CANADENSIS, Pa. — Authorities hunkered down early Sept. 20 in the neighborhood where a man suspected in the fatal shooting of a Pennsylvania State Police trooper lived with his parents, raising hopes they had him cornered a week after the ambush outside a rural police barracks.
For a second night, authorities closed roads near the home in a wooded neighborhood of Barrett Township, in the Pocono Mountains, and this time gunfire was reported in the area.
The shots were fired around 6:40 p.m. Sept. 18, a Monroe County 911 dispatcher said. State police told residents in the townships of Price and Barrett to stay inside and asked others not to travel to the area because of heavy police activity.
About 20 people who couldn’t get back to their homes took refuge at the Barrett Township firehouse, said Township supervisor Ralph Megliola.
State police would not say whether they believe they have 31-year-old Eric Frein surrounded. Their last communication came shortly after 9 p.m. Sept. 19 when a spokeswoman asked the media to relocate at a staging area farther away from the scene.
As state police appeared to undergo a shift change, an unmarked helicopter flew overhead early Sept. 20, its lights off.
Police have charged Frein with opening fire outside a state police barracks in northeastern Pennsylvania on Sept. 12. Cpl. Bryon Dickson was killed and Trooper Alex Douglass was wounded by a gunman with a high-powered rifle.

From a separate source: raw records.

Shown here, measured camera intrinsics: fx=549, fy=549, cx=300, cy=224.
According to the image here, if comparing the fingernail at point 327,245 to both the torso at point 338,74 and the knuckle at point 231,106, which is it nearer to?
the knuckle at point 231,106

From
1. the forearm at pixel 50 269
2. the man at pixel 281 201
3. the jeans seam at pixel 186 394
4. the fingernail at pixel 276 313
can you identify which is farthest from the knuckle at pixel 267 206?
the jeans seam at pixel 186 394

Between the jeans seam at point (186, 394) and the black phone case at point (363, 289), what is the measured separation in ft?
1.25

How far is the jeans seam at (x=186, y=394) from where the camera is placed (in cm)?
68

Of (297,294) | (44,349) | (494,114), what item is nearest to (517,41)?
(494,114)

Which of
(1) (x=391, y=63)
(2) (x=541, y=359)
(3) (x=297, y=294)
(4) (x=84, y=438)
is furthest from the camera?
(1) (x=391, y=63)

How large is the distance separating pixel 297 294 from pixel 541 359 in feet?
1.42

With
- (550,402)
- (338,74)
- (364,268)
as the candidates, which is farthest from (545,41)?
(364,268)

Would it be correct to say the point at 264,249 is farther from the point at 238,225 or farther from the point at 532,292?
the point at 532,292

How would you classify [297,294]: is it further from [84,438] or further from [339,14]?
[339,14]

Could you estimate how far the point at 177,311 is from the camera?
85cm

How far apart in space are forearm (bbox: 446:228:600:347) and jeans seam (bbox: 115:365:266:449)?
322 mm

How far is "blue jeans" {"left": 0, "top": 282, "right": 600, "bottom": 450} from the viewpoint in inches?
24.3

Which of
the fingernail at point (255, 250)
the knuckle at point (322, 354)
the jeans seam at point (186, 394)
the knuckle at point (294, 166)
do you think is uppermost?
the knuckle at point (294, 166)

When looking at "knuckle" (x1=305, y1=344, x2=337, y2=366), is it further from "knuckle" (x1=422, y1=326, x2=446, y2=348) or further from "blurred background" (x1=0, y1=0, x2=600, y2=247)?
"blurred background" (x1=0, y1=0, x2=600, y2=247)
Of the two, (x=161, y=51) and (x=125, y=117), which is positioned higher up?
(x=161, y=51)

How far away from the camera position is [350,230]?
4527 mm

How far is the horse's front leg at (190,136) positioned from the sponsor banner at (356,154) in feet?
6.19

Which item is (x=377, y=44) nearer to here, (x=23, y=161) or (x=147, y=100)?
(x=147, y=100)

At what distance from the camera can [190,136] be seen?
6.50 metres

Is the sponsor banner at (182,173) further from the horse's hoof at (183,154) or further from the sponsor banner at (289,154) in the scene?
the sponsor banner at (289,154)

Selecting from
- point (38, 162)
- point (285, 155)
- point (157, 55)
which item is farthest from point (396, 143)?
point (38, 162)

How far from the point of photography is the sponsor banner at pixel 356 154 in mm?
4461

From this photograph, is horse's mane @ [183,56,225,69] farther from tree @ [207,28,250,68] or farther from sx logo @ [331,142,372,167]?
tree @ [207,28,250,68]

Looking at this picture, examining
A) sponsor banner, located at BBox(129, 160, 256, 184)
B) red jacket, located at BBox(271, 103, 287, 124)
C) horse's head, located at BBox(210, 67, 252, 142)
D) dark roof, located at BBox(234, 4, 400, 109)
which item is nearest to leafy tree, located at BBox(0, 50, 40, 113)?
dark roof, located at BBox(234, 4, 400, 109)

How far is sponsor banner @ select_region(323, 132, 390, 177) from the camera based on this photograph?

Described as a self-taught survivalist with a grudge against law enforcement and government, Frein has been on the run ever since. He was placed on the FBI’s 10 most wanted list, and hundreds of law enforcement officials have been searching for him in the dense woodlands surrounding his home in Canadensis. Schools in the area were closed again Sept. 19.
Canadensis resident Richard Barry couldn’t get home from work Sept. 19 before the roadblocks went up. Barry said the next morning that he heard from family members who were at home and they told him police were going through their yard and the dog was barking.
Worried about his family, he said he preferred to wait near police in hopes of hearing something rather than staying overnight at the firehouse. “I’m hoping that sooner or later he (Frein) just says ‘I give up. You win,’” Barry said.